Cyrille BRET – Florent PARMENTIER
Le 24 avril 2016, Norbert Hofer, le candidat du parti d’extrême droite FPÖ, a recueilli plus de 36% des voix au premier tour des élections présidentielles en Autriche. Ces résultats préfigurent-ils ceux des scrutins nationaux en Allemagne fin 2016 et en France en 2017 ? Par-delà les spécificités politiques autrichiennes, ils adressent une série d’avertissements à l’Europe : la « démocratie illibérale » d’Europe centrale et orientale est désormais le principal risque pesant sur la cohésion de l’Union.
Retrouvez la tribune ici : Tribune Mitteleuropa Bret Parmentier
(Photo : Heinz-Christian STRACHE et Norbert HOFER)
Le 24 avril 2016, Norbert Hofer, le candidat du parti d’extrême droite FPÖ, a recueilli plus de 36% des voix au premier tour des élections présidentielles en Autriche. Ce parti créé par d’anciens officiers SS, infléchi dans un sens libéral et européiste par la suite et enfin réformé dans un sens populiste sous Jörg Haider, est en position d’accéder à la magistrature suprême dans ce pays charnière entre l’Est et l’Ouest de l’Europe.
Ces résultats préfigurent-ils ceux des scrutins nationaux en Allemagne fin 2016 et en France en 2017 ?
Bien sûr, ce petit pays (8,5 millions d’habitants) a ses singularités politiques : il sort d’une période de grande coalition entre la gauche et la droite et exprime depuis longtemps sa défiance envers l’islam, la Turquie et les migrants.

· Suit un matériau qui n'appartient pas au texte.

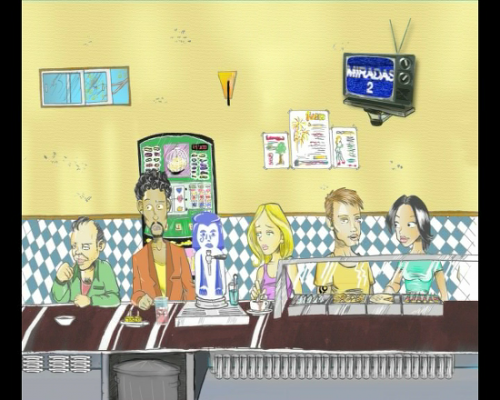 Miradas 2 - Ráfaga 3 - Sin título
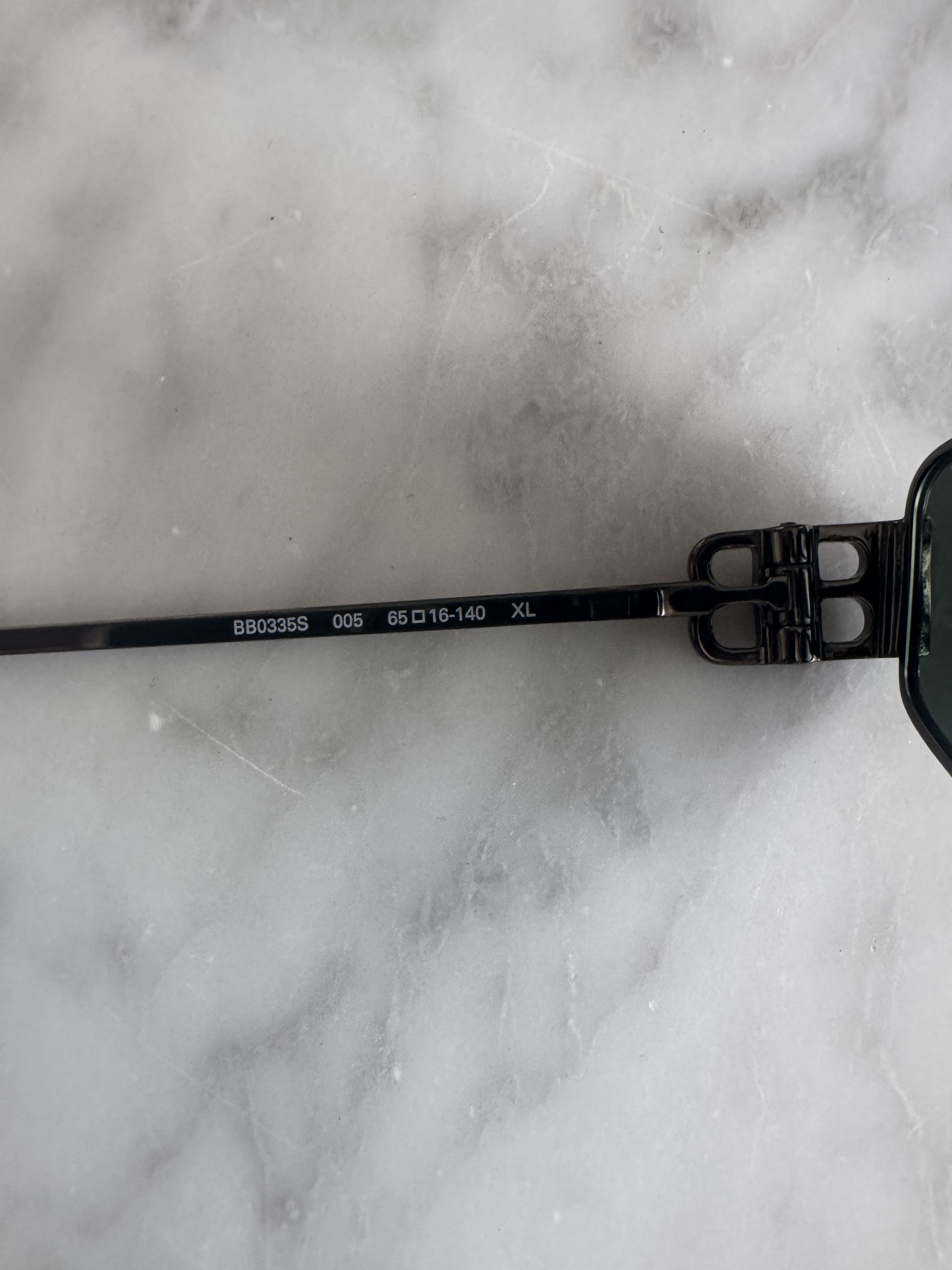 Balenciaga Gun Metal Cat Eye Size ONE SIZE - 8 Thumbnail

Toutefois, ces résultats adressent une série d’avertissements à l’Europe : la « démocratie illibérale » d’Europe centrale et orientale est désormais le principal risque pesant sur la cohésion de l’Union.

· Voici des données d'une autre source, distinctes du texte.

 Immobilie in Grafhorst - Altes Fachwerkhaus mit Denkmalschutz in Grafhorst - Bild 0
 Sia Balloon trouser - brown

La normalisation de l’extrême droite est achevée
Avec plus d’un tiers des voix à un scrutin majeur, le FPÖ devance nettement le candidat écologiste (20,4%), ainsi que la candidate indépendante (18,5%). Il brise le « plafond de verre » des 25% à l’échelle nationale et marginalise les deux grands partis traditionnels issus de la dénazification : le parti social-démocrate SPÖ et le parti conservateur ÖVP qui avaient alterné à la présidence et à la chancellerie depuis le départ des troupes alliées en 1955. Déjà fortement implanté dans certaines régions et présent au Parlement depuis plusieurs mandatures (il compte aujourd’hui 40 sièges sur 183 au Conseil national), le FPÖ peut devenir la force centrale de l’échiquier politique autrichien dans la perspective des prochaines élections parlementaires prévues pour 2017.
Les prérogatives du président de la République autrichienne sont protocolaires. Mais la possibilité d’une victoire au second tour le 22 mai signale aux partis politiques d’Europe que la promotion des thèmes identitaires peut faire gagner les élections au plus haut niveau.

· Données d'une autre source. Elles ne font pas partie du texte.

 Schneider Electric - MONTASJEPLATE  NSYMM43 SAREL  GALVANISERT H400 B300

Le FPÖ montre que, dans une démocratie libérale traditionnelle, les campagnes identitaires dépassent la fonction tribunicienne et visent à devenir des programmes de gouvernement. La « normalisation » de la droite radicale est accomplie. Elle a désormais un horizon évident : c’est l’accession au pouvoir suprême.
La droite identitaire n’est plus extrême, elle devient centrale en Europe.
Jörg HAIDER, président du FPÖ, et Wolfgang SCHÜSSEL, Chancelier d’Autriche,
après leur victoire aux élections générales de 2000
L’Europe se clive sur la question identitaire
La double question de l’islam et des réfugiés devient le casus belli des prochaines échéances électorales continentales. Le principal clivage interne européen ne passe ni entre la « vieille Europe » et la « nouvelle Europe », ni entre anciennes démocraties libérales et nouvelles démocraties post-soviétiques. Que Bruxelles, Paris et Berlin ne s’y trompent pas : l’enjeu n’est plus l’intégration des Etats qu’on persiste à appeler « Nouveaux Etats membres » à Bruxelles alors qu’ils ont intégré l’Union depuis plus d’une décennie. Le principal défi est la solidarité réclamée à l’Est pour se garder du Sud.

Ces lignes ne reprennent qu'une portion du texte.